◆ Brief: Exactly reproduce the entries, dropping any pictures from your copy.

Records excerpted from a collection
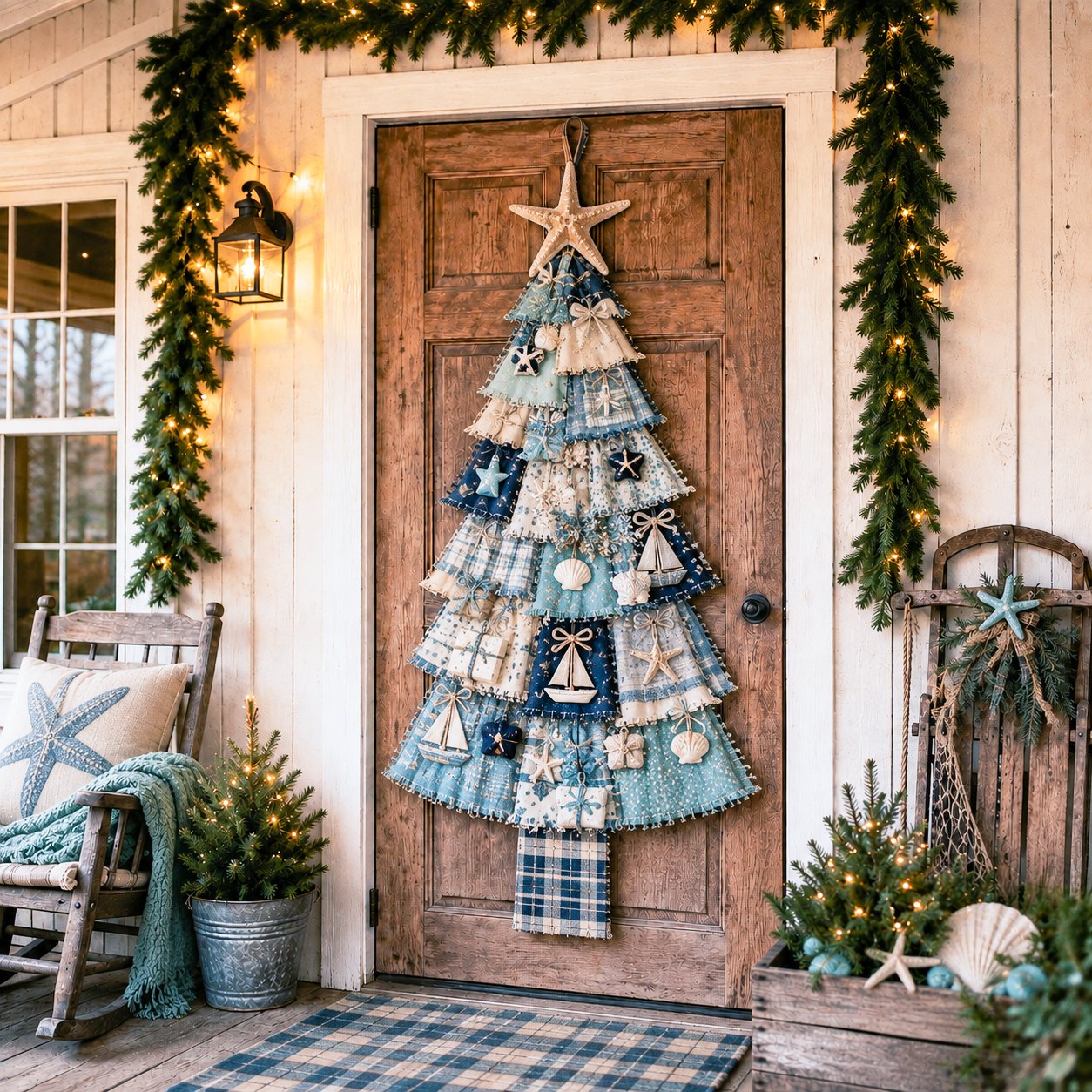 🎄Beginner-Friendly DIY Oversized Patchwork Christmas Tree Door Hanging Kit | Complete Kit with All Tools & Step-by-Step Guide Included 💕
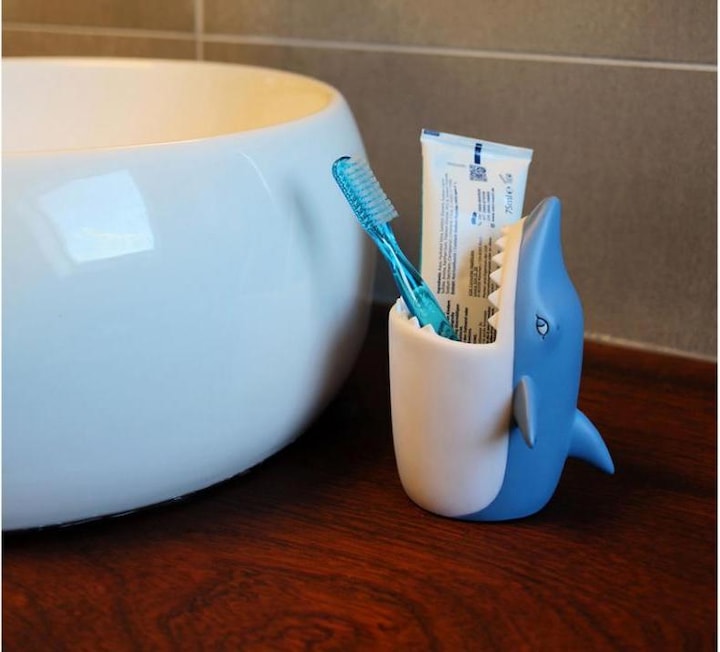 Actual product image TOP Toothbrush mug (11 x 10 x 14 cm)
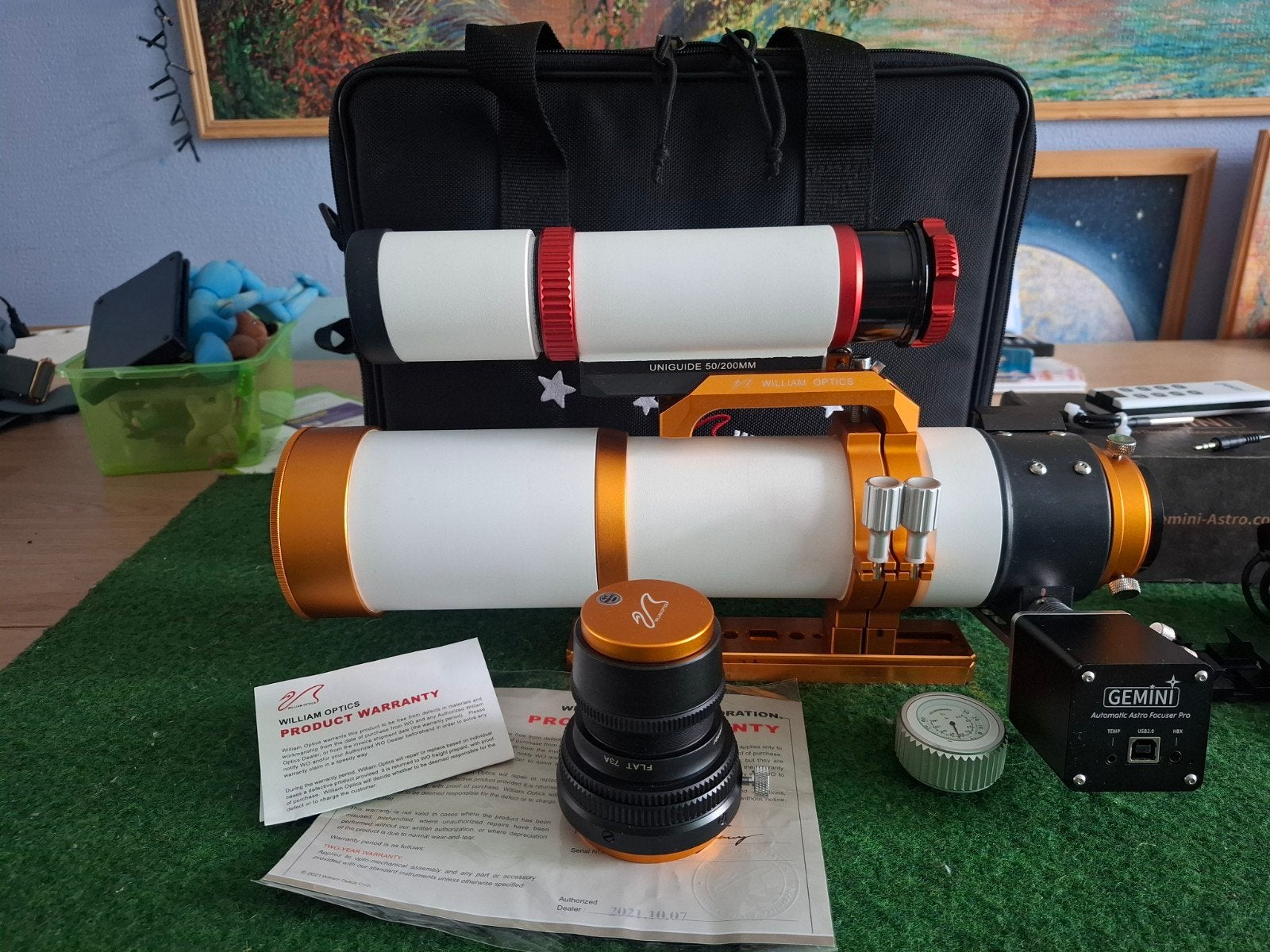 William Optics ZS 73 III APO (Flat 73A, UniGuide 50 ,EAF), Ophalen of Verzenden, Zo goed als nieuw, Minder dan 80 mm, Lenzentelescoop (refractor)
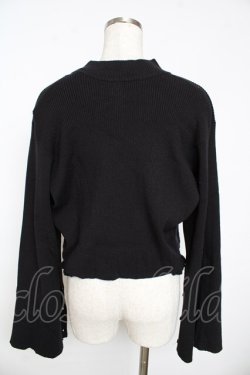 画像2: axes femme / ニットタンク×２WAYカーデ F 黒 Y-25-11-01-050-AX-TO-SZ-ZY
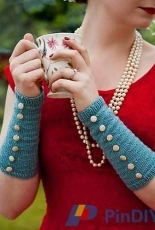 Fleur Arm Warmers by Jemima Bicknell -Free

◆ Written reply:
 🎄Beginner-Friendly DIY Oversized Patchwork Christmas Tree Door Hanging Kit | Complete Kit with All Tools & Step-by-Step Guide Included 💕
 Actual product image TOP Toothbrush mug (11 x 10 x 14 cm)
 William Optics ZS 73 III APO (Flat 73A, UniGuide 50 ,EAF), Ophalen of Verzenden, Zo goed als nieuw, Minder dan 80 mm, Lenzentelescoop (refractor)
 画像2: axes femme / ニットタンク×２WAYカーデ F 黒 Y-25-11-01-050-AX-TO-SZ-ZY
 Fleur Arm Warmers by Jemima Bicknell -Free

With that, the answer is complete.